This section describes the files found in a data feed delivery.
The manifest file contains the following details about each file that is part of the uploaded data set:
The manifest file follows the same format as a Java JAR manifest file.
The manifest file is always delivered last as a separate .txt
file, so that its existence indicates that the complete data set for that request period has already been delivered. Manifest files are named according to the following:
[rsid]_[YYYY-mm-dd].txt
A typical manifest file contains data similar to the following:
Datafeed-Manifest-Version: 1.0
Lookup-Files: 1
Data-Files: 1
Total-Records: 611
Lookup-File: rsid_date-lookup_data.tar.gz
MD5-Digest: af6de42d8b945d4ec1cf28360085308
File-Size: 63750
Data-File: 01-rsid_date.tsv.gz
MD5-Digest: 9c70bf783cb3d0095a4836904b72c991
File-Size: 122534
Record-Count: 611
Every manifest file contains a header, indicating the total number of lookup files, data files, and total number of records in all data files. This header is followed by multiple sections containing information for each file included in the data feed delivery.
Some feeds are configured to receive a .fin
file instead of a .txt
manifest. The .fin
indicates that the upload is complete, but it contains no metadata about the upload.
Some data feed columns output a number that corresponds to its actual value. Lookup files are used to match a number from a data feed column and match it to an actual value. For example, a value of “497” in the browser
hit data column indicates that the hit came from “Microsoft Internet Explorer 8” if you look in browser.tsv
.
Note that the column_headers.tsv
and event_list.tsv
are specific to the data feed and report suite. Other files, such as browser.tsv
, are generic.
The lookup files are delivered together in a compressed zip named according to the following:
[rsid]_[YYYY-mm-dd]-lookup_data.[compression_suffix]
Hit data is provided in a hit_data.tsv file. The amount of data in this file is determined by the delivery format (hourly or daily, and single or multiple files). This file contains only hit data. The column headers are delivered separately with the lookup files. Each row in this file contains a single server call.
Files delivered by Adobe vary based on the type of data feed that you have configured. All files are encoded using ISO-8859-1.
[rsid]
refers to the report suite ID the data feed is from.[index]
is used only in multiple file feeds, and refers to the correct order of paginated files.[YYYY-mm-dd]
refers to the starting day the data feed is for.[HHMMSS]
is used only in hourly feeds, and refers to the starting hour the data feed is for.[compression_suffix]
refers to the type of compression used. Typically data feeds are compressed into tar.gz
or zip
files.After data is collected for a day, you receive a single compressed data file and a manifest file. The data file is named:
[rsid]_[YYYY-mm-dd].[compression_suffix]
When extracted, the data file contains a single hit_data.tsv
file with all data for that day, as well as lookup files for any required columns.

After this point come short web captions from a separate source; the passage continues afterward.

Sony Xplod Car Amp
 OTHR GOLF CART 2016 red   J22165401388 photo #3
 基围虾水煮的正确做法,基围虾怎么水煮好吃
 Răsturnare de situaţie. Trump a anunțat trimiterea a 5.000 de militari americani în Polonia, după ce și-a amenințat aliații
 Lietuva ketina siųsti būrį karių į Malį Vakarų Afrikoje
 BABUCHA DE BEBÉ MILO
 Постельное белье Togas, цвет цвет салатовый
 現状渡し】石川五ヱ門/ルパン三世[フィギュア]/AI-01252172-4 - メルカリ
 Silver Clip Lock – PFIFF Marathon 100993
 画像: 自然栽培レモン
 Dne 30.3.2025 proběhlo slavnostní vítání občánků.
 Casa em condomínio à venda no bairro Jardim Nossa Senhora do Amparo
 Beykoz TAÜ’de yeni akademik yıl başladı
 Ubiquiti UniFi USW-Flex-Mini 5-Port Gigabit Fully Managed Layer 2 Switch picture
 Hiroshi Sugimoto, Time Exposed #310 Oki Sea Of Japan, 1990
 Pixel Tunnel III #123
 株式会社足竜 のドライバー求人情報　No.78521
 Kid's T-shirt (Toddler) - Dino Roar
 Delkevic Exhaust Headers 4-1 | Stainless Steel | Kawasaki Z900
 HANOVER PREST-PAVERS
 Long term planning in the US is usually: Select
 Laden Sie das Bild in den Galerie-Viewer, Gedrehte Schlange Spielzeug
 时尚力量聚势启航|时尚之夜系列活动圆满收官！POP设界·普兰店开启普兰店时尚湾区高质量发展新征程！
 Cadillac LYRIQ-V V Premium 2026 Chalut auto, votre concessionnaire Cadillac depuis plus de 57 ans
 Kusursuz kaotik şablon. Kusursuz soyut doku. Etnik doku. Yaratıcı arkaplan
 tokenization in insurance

After data is collected for a day, you receive one or more compressed data files and a manifest file. The data file is named:
[index]-[rsid]_[YYYY-mm-dd].[compression_suffix]
When extracted, each data file contains a single hit_data.tsv
that contains approximately 2GB of uncompressed data, as well as lookup files for any required columns.
After data is collected for an hour, you receive a single compressed data file and a manifest file. The data file is named:
[rsid]_[YYYYmmdd]-[HHMMSS].[compression_suffix]
When extracted, the data file contains a single hit_data.tsv
file with all data for that hour, as well as lookup files for any required columns.
After data is collected for an hour, you receive one or more compressed data files and a manifest file. The data file is named:
[index]-[rsid]_[YYYYmmdd]-[HHMMSS].[compression_suffix]
When extracted, each data file contains a single hit_data.tsv
that contains approximately 2GB of uncompressed data, as well as lookup files for any required columns.
The hit data file size varies greatly depending on the number of variables actively used and amount of traffic sent to report suite. However, on average, a row of data is approximately 500B (compressed) or 2KB (uncompressed). Multiplying this by the number of server calls can provide a rough estimate on how large a data feed file is. Once your organizations starts receiving data feed files, you can find a more accurate number by dividing the number of rows in hit_data.tsv
by its total file size.